Indifference and callousness towards abuse survivors revealed within the Church of England at the highest level. The truth discovered in SAR (subject access request) material.

A letter from 7 survivors to the Lead Bishops, Director of Safeguarding, and Chair of the National Safeguarding Panel

Dear Bishop Jonathan Gibbs, Bishop Debbie Sellin, Melissa Caslake, Meg Munn

We write to you as survivors, some of whom are members of the Church of England’s Survivors Reference Group – to express considerable concern at the attitudes of Bishop Tim Thornton in an email recently shared with us from SAR material.

The Bishop at Lambeth sits on the National Safeguarding Steering Group (NSSG) and the National Safeguarding Panel (NSP), and is a senior figure inside Lambeth Palace, all of which make him a key player in the church’s pastoral and strategic response to survivors. The attitude displayed here confirms what many survivors have long thought; that the adversarialism towards victims of abuse has not just extended to their litigation and insurance agents, but has its roots in the most senior members of the Church’s structure and indeed, inside the very bodies which make decisions on how survivors are treated.

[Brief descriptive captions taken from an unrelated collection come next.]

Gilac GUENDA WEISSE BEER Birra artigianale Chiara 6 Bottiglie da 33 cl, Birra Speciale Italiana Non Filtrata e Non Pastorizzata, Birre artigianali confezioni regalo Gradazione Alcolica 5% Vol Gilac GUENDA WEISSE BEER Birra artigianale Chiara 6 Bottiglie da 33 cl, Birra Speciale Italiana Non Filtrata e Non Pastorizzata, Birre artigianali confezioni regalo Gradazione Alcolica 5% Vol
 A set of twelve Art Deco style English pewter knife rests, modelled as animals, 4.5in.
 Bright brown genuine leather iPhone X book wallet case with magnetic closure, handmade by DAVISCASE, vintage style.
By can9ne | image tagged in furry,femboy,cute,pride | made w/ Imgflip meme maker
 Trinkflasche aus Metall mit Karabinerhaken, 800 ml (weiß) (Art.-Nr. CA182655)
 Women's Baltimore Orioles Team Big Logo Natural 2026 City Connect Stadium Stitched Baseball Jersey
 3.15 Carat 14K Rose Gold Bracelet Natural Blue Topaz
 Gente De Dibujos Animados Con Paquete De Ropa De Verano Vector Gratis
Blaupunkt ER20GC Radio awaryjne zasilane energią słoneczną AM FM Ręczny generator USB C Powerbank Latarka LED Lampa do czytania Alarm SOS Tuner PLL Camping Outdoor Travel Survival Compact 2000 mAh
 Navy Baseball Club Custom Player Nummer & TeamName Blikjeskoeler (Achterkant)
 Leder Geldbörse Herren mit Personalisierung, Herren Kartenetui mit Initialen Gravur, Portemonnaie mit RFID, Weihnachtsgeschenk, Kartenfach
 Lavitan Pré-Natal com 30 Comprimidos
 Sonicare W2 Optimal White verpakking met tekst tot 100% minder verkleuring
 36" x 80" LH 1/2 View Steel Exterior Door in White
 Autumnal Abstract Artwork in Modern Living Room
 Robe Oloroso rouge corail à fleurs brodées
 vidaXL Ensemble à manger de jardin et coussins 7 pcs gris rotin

In our view, Bishop Tim Thornton should be asked to stand down from these boards of governance and undergo further training to help him develop a compassionate understanding of the impact both of abuse and also of re-abuse (by the Church and its agents). It is our understanding that this Bishop is among a number of senior figures on the NSSG with unresolved issues (disclosure denial, dishonesty, silencing of major questions) where serious apologies outstanding to survivors have not yet been made.

We would invite the Bishop at Lambeth, and indeed all members of the NSSG, to reflect on the words of Archbishop Welby from last year.

The Church must learn “to put actions behind the words” when supporting survivors of clerical abuse, “because ‘sorry’ is pretty cheap”, the Archbishop of Canterbury said. “When someone is abused . . . it destroys their lives. It always leaves scars and wounds that are so profoundly deep, and I am so very sorry for every occasion that it has happened, and for our failures to deal well with survivors…..We need a specialised system for anything to do with abuse which is much more survivor-centred, much more careful, much less impeded by other things cluttering up the system.” 1

We are conscious that Ecclesiastical Insurance (EIG) which the Bishop at Lambeth refers to, has done considerable harm to many survivors through ugly and unethical litigation strategies. We invite you as leaders of the Church’s safeguarding boards – to now consider requiring all future settlements by EIG to be monitored by both Church and survivor representatives – so that the Church and its agents can begin to develop a culture of justice, fairness and good ethics in working with survivors of abuse.

We also remind you that at the Safeguarding Summit in York survivors spoke considerable truth to power – and stood as a group to outline just one of the major hindrances to the Church moving forward with survivors. Namely the presence of senior figures in disclosure denial on the NSSG. This has remained unacknowledged and ignored. We ask that you now address this please. And we ask that you address the other main hindrance of lack of redress and an ongoing refusal to rescue lives that have been left broken and wrecked by the systemic re-abuse by this Church.

Best wishes

Tony, Gilo, Paul, Matt, Graham, Janet, Julian

1https://www.churchtimes.co.uk/articles/2019/12-july/news/uk/iicsa-i-am-ashamed-and-horrified-says-welby

Email in 2019 from Bishop Tim Thornton to Bishop Sarah Mullally, Bishop of London, and Bishop Peter Hancock, former Lead Bishop.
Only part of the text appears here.